[Scraped caption text data]
————

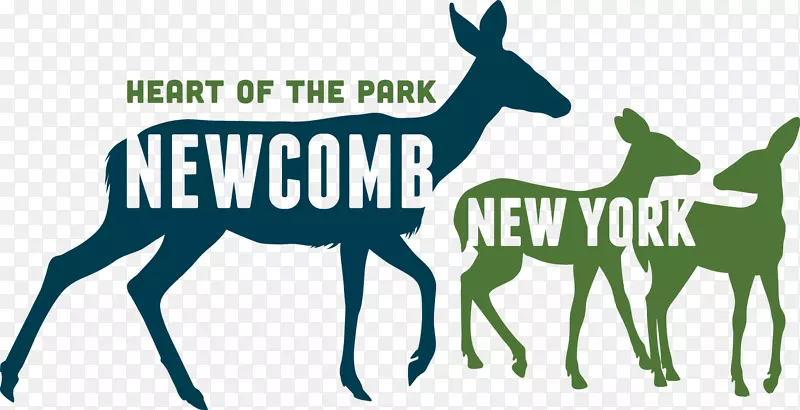 ŦԼ����˹������˹Ӫ�س�����ŦԼ��-��-������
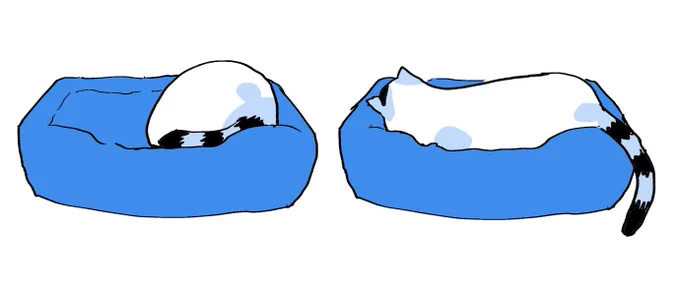 ねこ見るたび体積変わってる気がする 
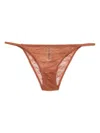 Love Stories Clio Lace Briefs In Brown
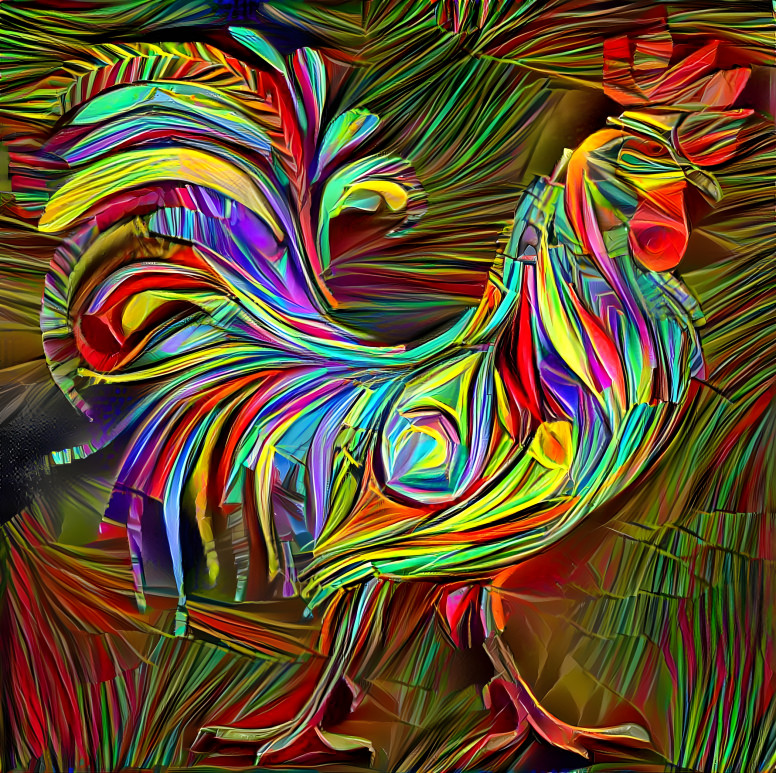 coq de compagne du Maroc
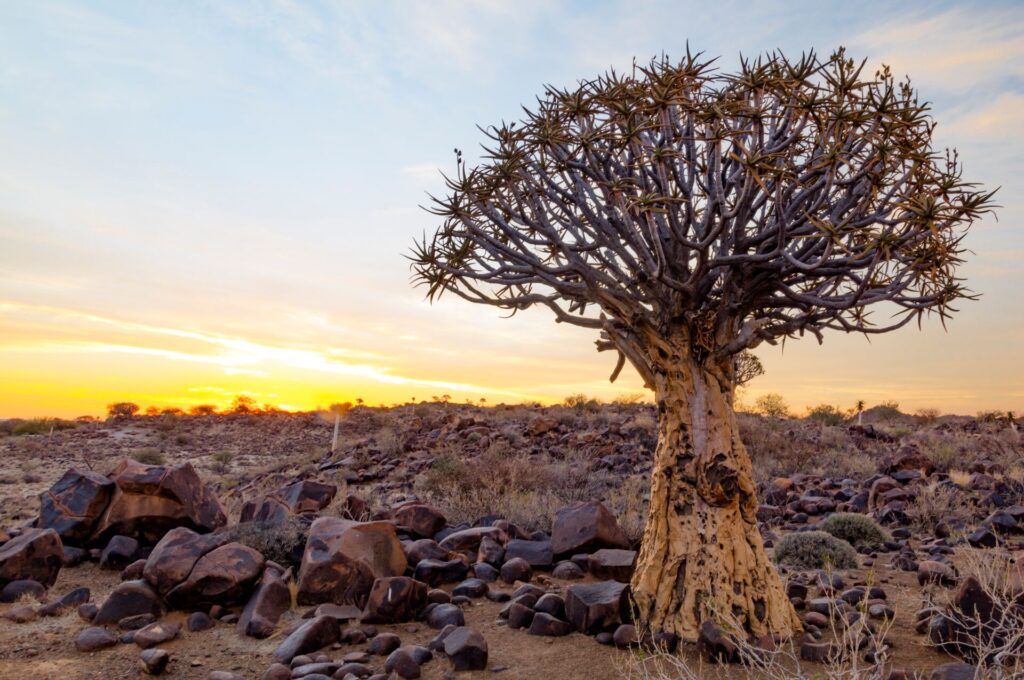 Near Keetmanshoop - Quiver Tree At The Quiver Tree Forest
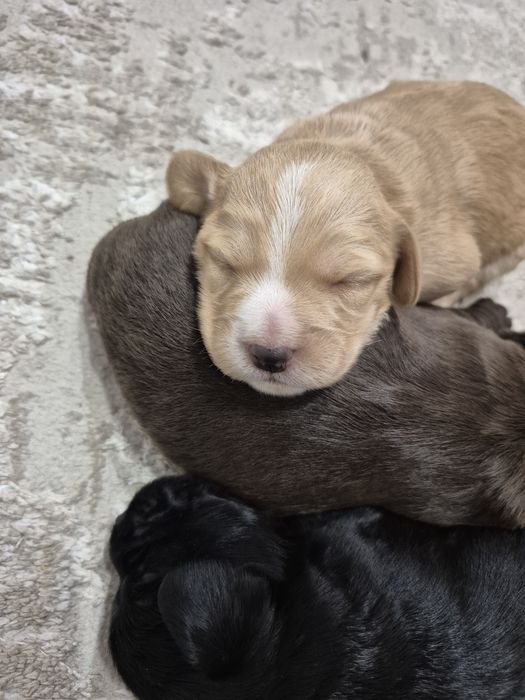 Спаніель. Кокер Спаніель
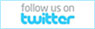 antiquealive twitter link
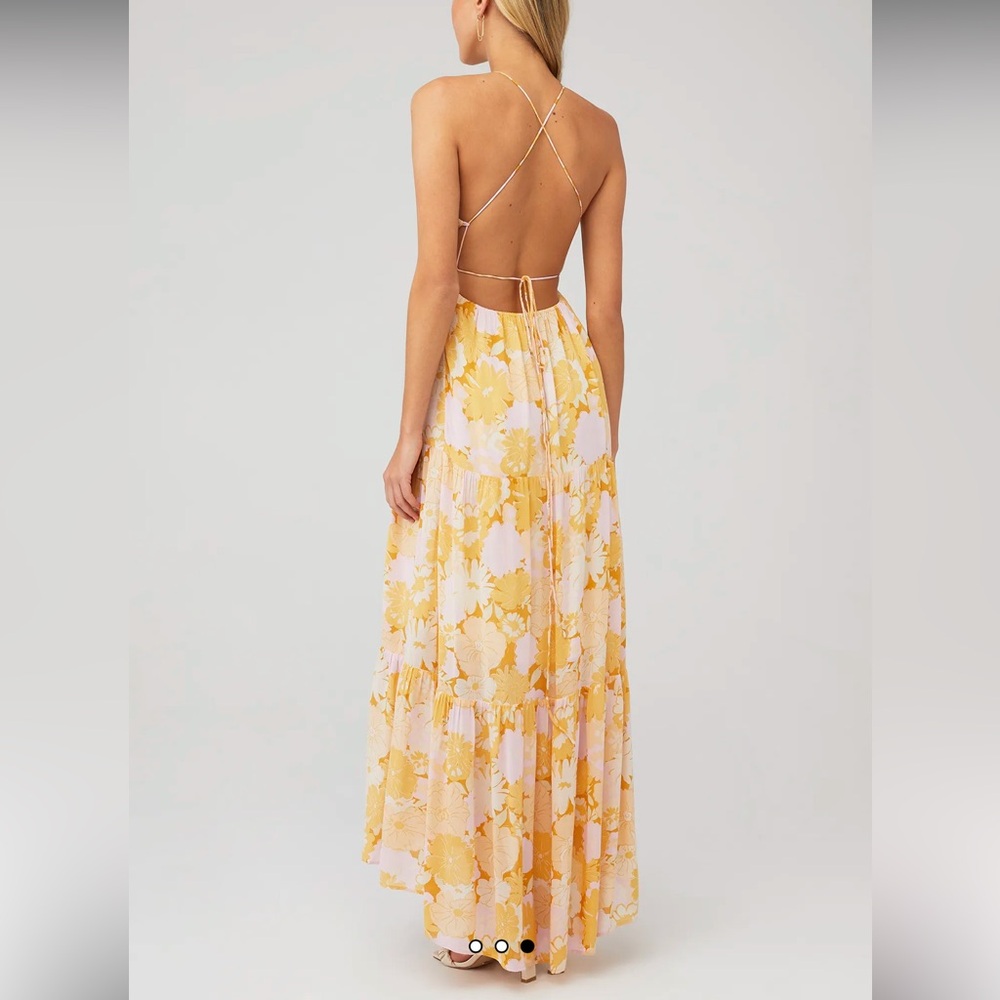 Brianna Maxi Dress Multi View 3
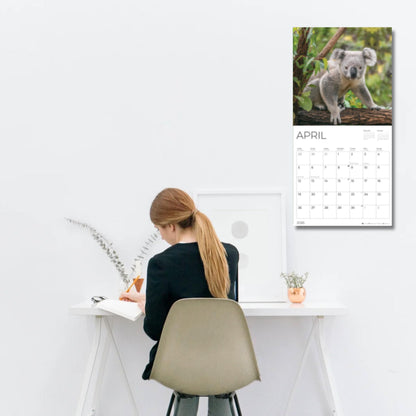 '26 Wall Calendar - Baby Animals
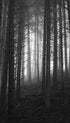 Forest Black and White Poster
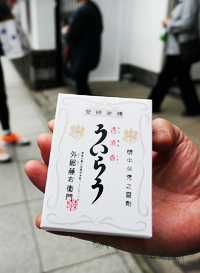 観光サイクリングin金次郎の画像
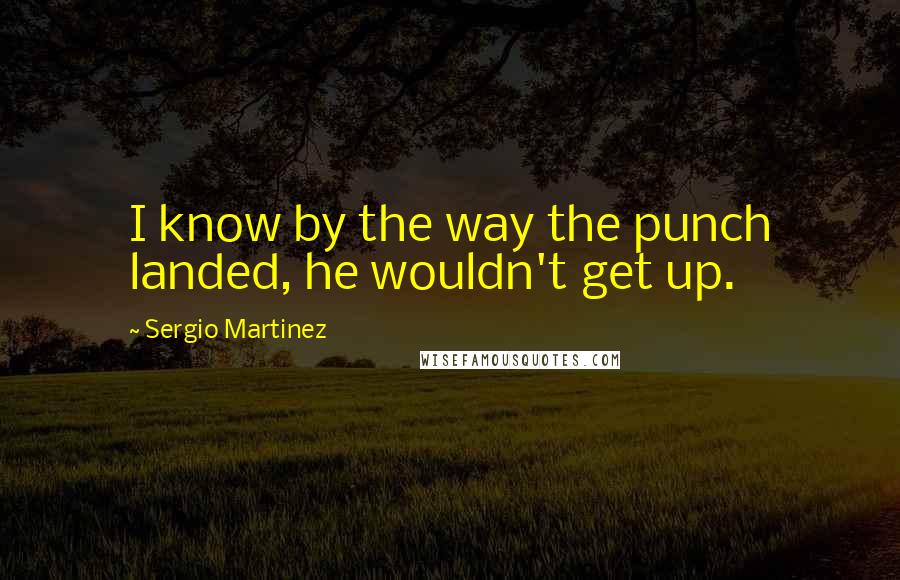 Sergio Martinez Quotes: I know by the way the punch landed, he wouldn't get up.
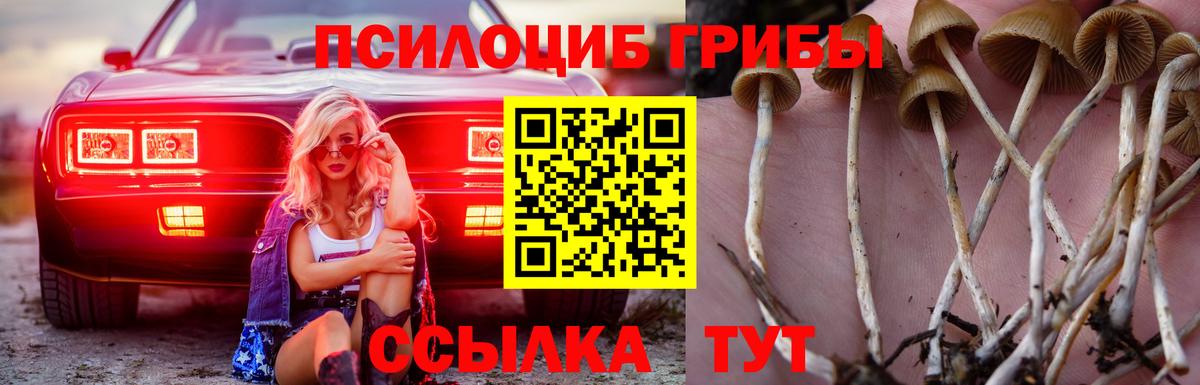 Галлюциногенные грибы GOLDEN TEACHER Малгобек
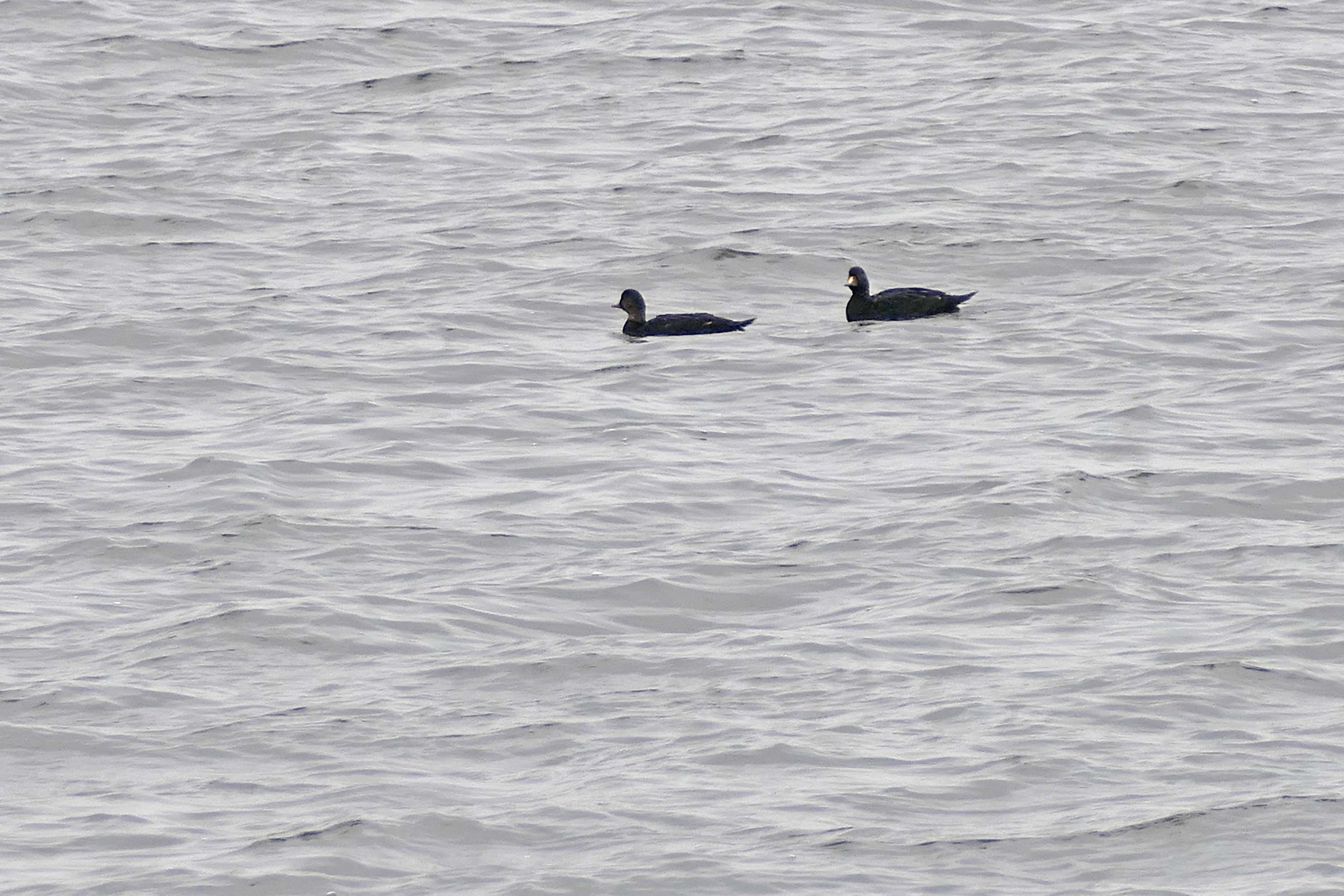240425 common scoter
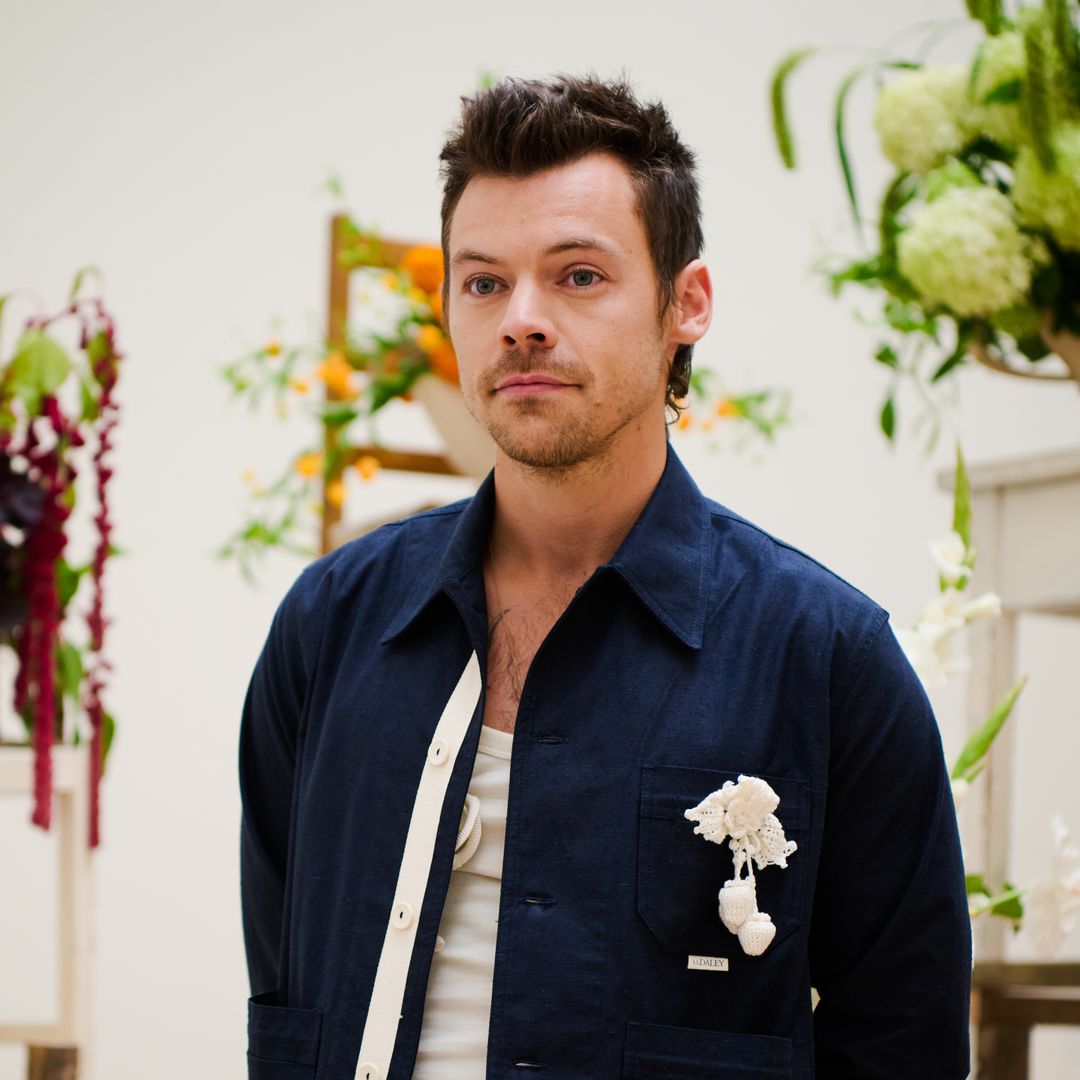 Harry Styles' staggering net worth - including four properties on a single London street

————

(EXERCISE) Repeat verbatim the range of lines that opens at the line containing "Галлюциногенные грибы GOLDEN" and closes at the last line of the entries, excluding all pictures.

(ANSWER BOX)
 Галлюциногенные грибы GOLDEN TEACHER Малгобек
240425 common scoter
 Harry Styles' staggering net worth - including four properties on a single London street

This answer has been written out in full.